**Work instructions:** A faithful copy is needed of the lines below from the one with "5894 Sutton Drive Douglasville - main photo" up to and including the one with "Imagem 2: Casa"; set it down with no pictures and no other lines.

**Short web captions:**
+--

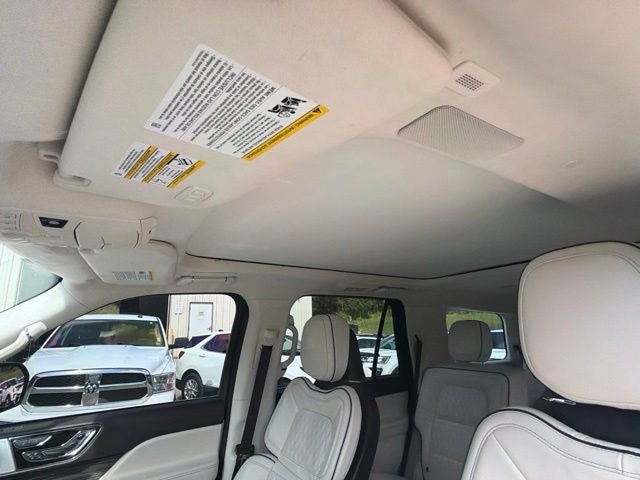 2022 Lincoln Navigator Black Label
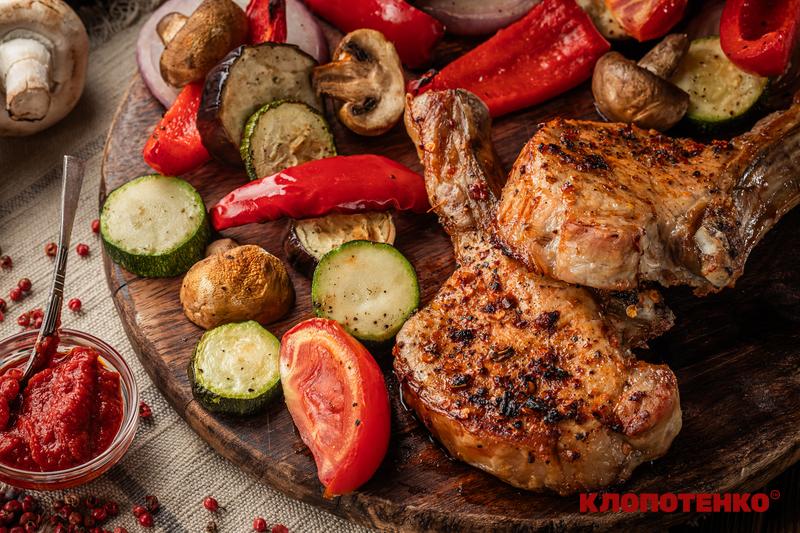 стейк зі свинини з овочами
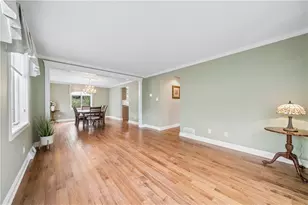 405 Laurelwood Dr, Pittsburgh, PA 15116 - Photo 5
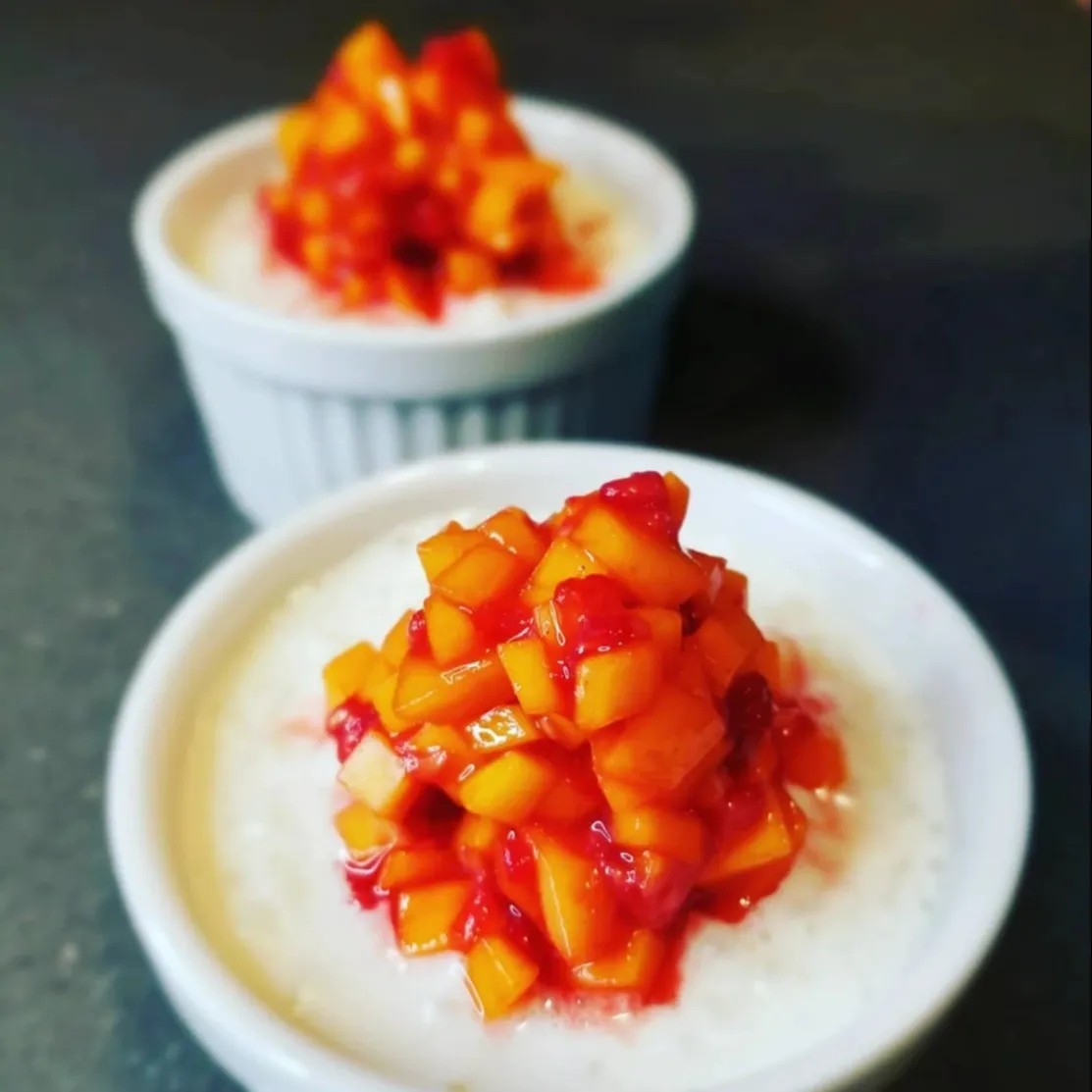 Image alt description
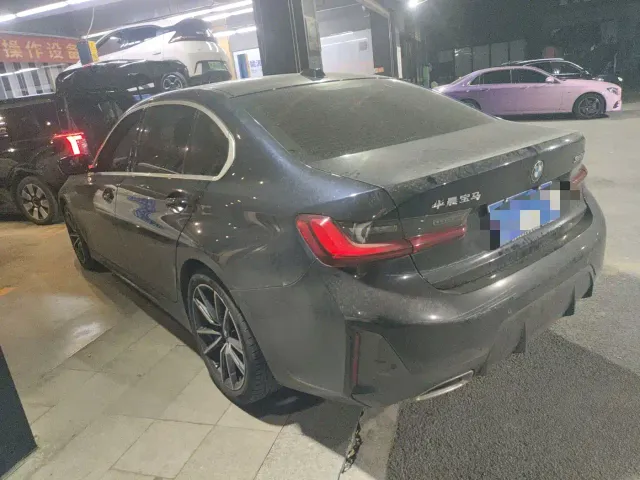 BMW 3 Series — Фото автомобиля 4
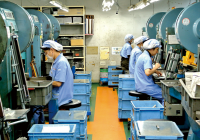 Sản xuất, kiểm tra hộp kim loại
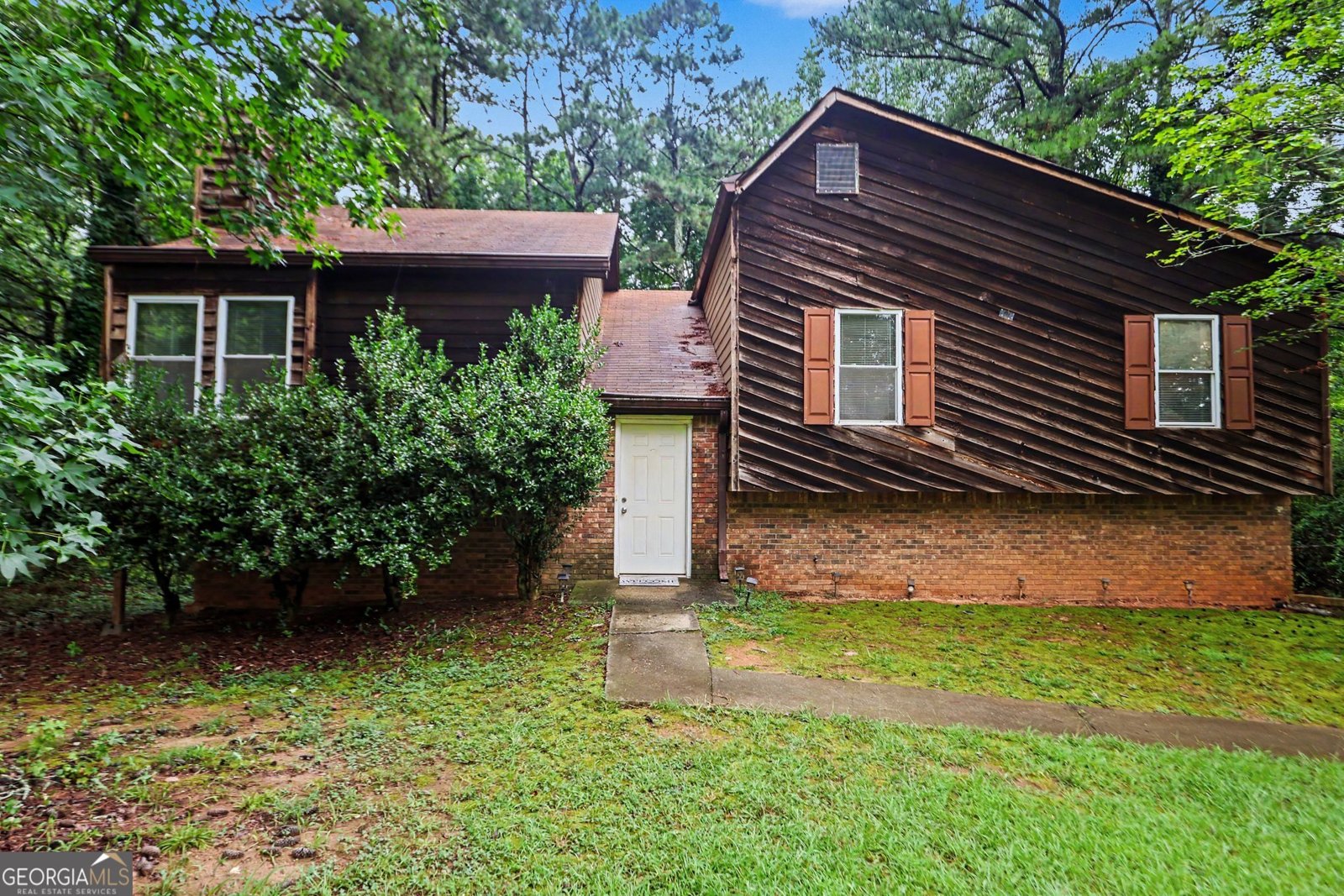 5894 Sutton Drive Douglasville - main photo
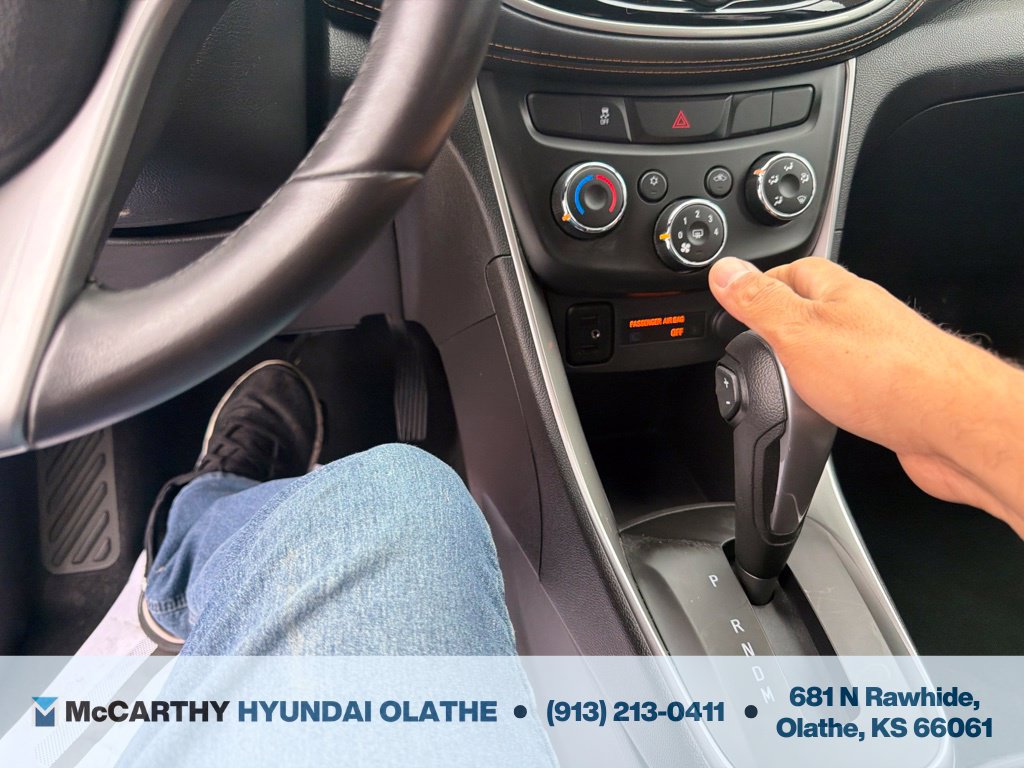 Used 2020 Chevrolet Trax LT w/ LT Convenience Package FWD image 26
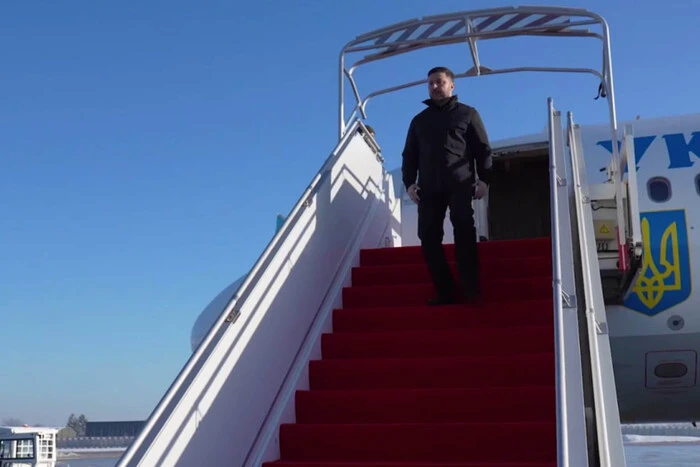 Зеленський прибув до Парижа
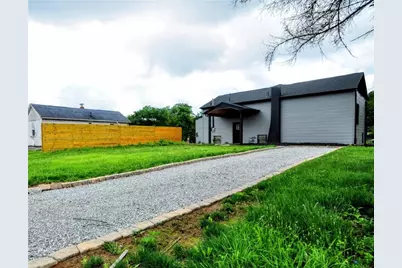 2040 Constitution Blvd, Elizabeth Twp/Boro, PA 15135 - Photo 10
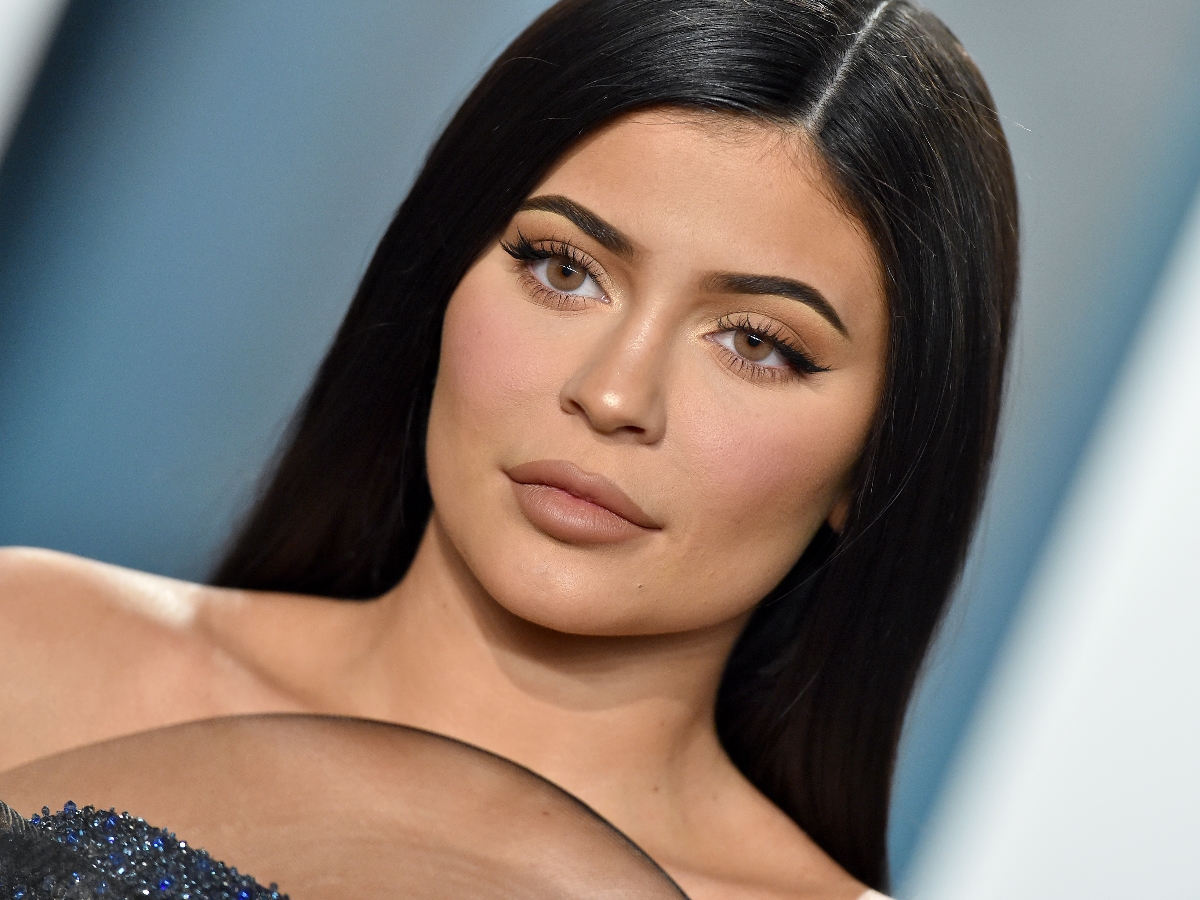 Η Kylie Jenner φόρεσε κίτρινο eyeliner και το αποτέλεσμα δεν είναι αυτό που νομίζεις!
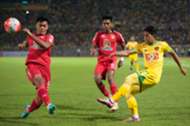 Ariff Farhan gets the ball past Annas Rahmat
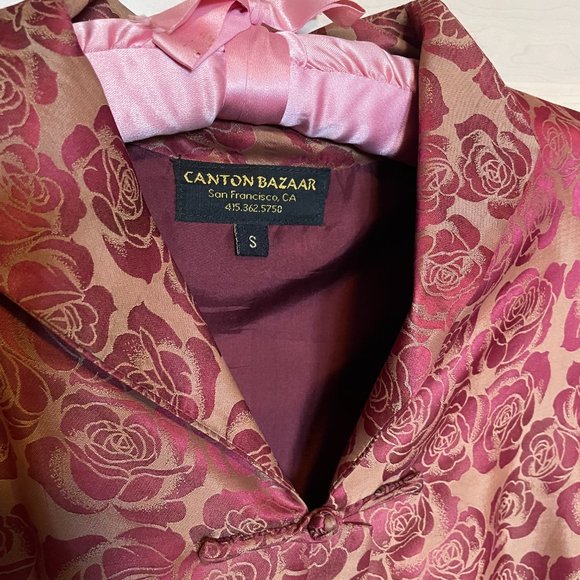 Chinese Silk Floral Rose Silk Button-up Blouse, 3/4 length sleeves, size small - Picture 3 of 6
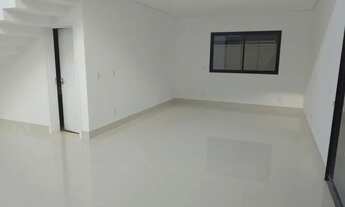 Imagem 2: Casa de condomínio sobrado para venda possui 317 metros quadrados com 4 quartos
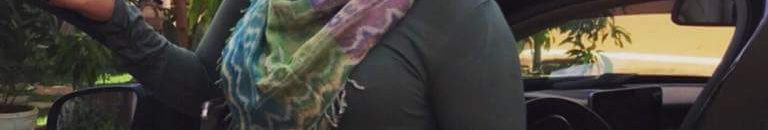 بالفيديو.. شاهد ردة فعل الفنانة ندى القلعة عندما أوقفها شرطي المرور وهي تغني داخل سيارتها وماذا قالت له!! 10 الفنانة ندى القلعة تستعرض بسيارتها الفارهة مرسيدس قبل ساعات من حفلها الجماهيري المرتقب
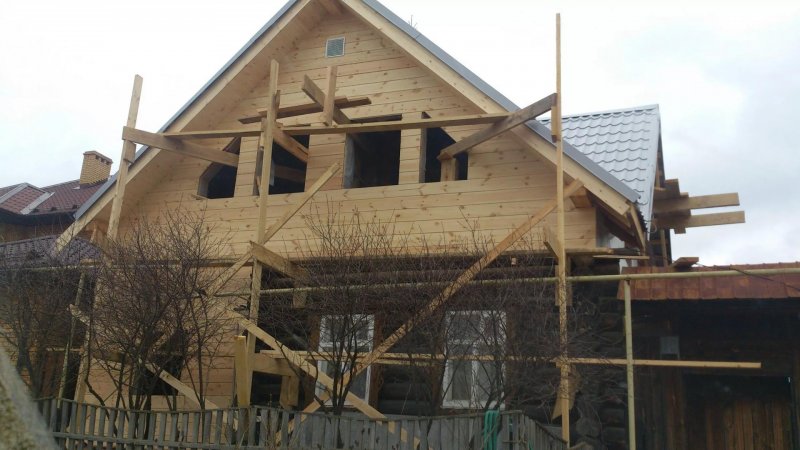 Реконструкция старого деревянного дома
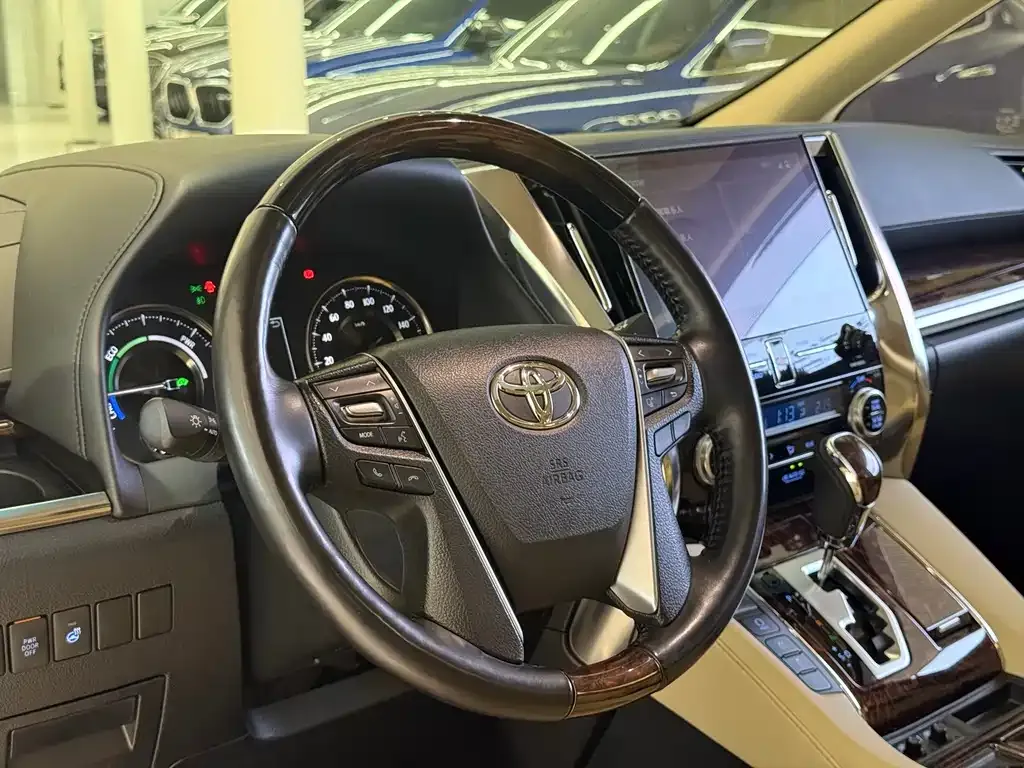 Toyota Alphard 2022 из CN, фото 5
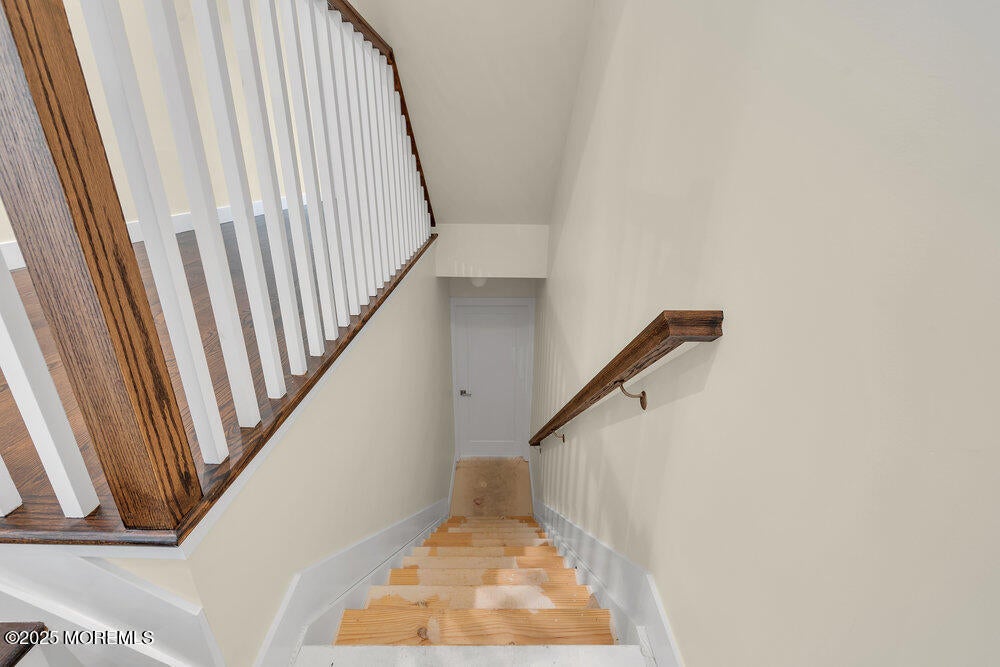 Jackson, New Jersey, 08527, United States, 6 Bedrooms Bedrooms, ,4 BathroomsBathrooms,Residential,Active,1973337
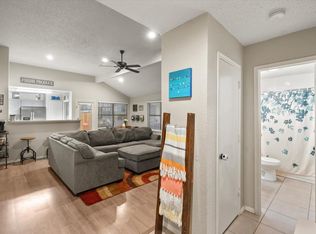 222 Lantana Dr, Arlington, TX 76018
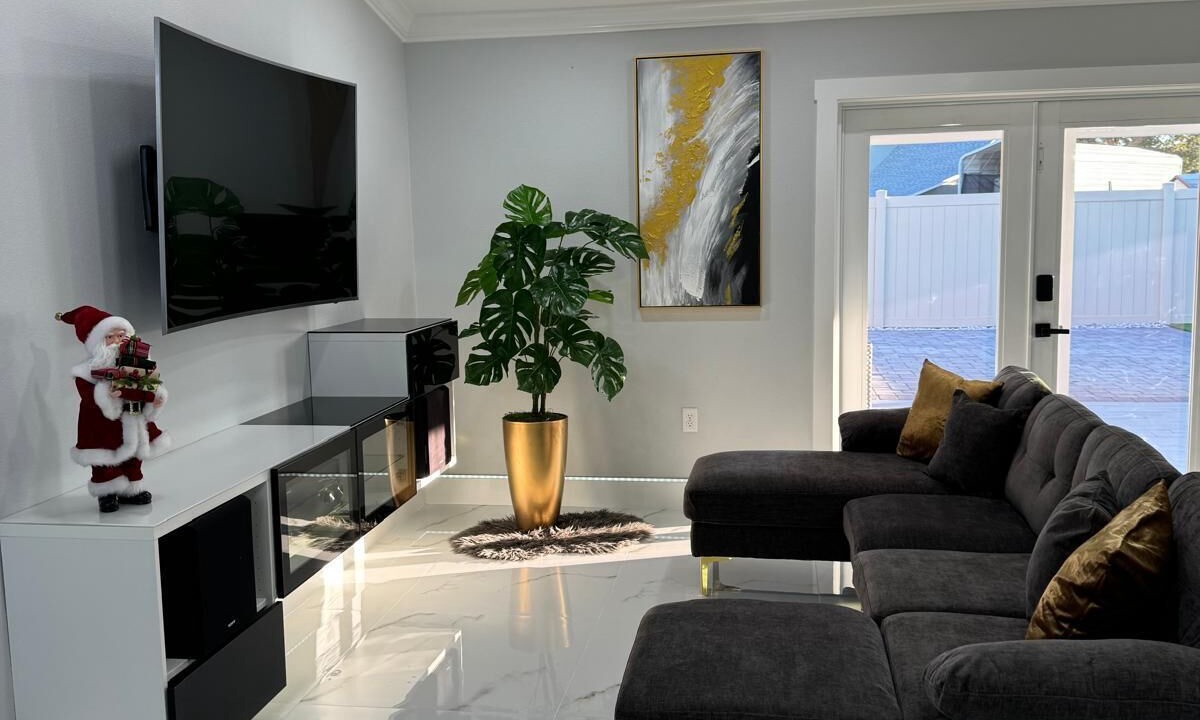 Photo of Livingroom in Mill Run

+--

**Response to the task:**
 5894 Sutton Drive Douglasville - main photo
 Used 2020 Chevrolet Trax LT w/ LT Convenience Package FWD image 26
 Зеленський прибув до Парижа
 2040 Constitution Blvd, Elizabeth Twp/Boro, PA 15135 - Photo 10
 Η Kylie Jenner φόρεσε κίτρινο eyeliner και το αποτέλεσμα δεν είναι αυτό που νομίζεις!
 Ariff Farhan gets the ball past Annas Rahmat
 Chinese Silk Floral Rose Silk Button-up Blouse, 3/4 length sleeves, size small - Picture 3 of 6
 Imagem 2: Casa de condomínio sobrado para venda possui 317 metros quadrados com 4 quartos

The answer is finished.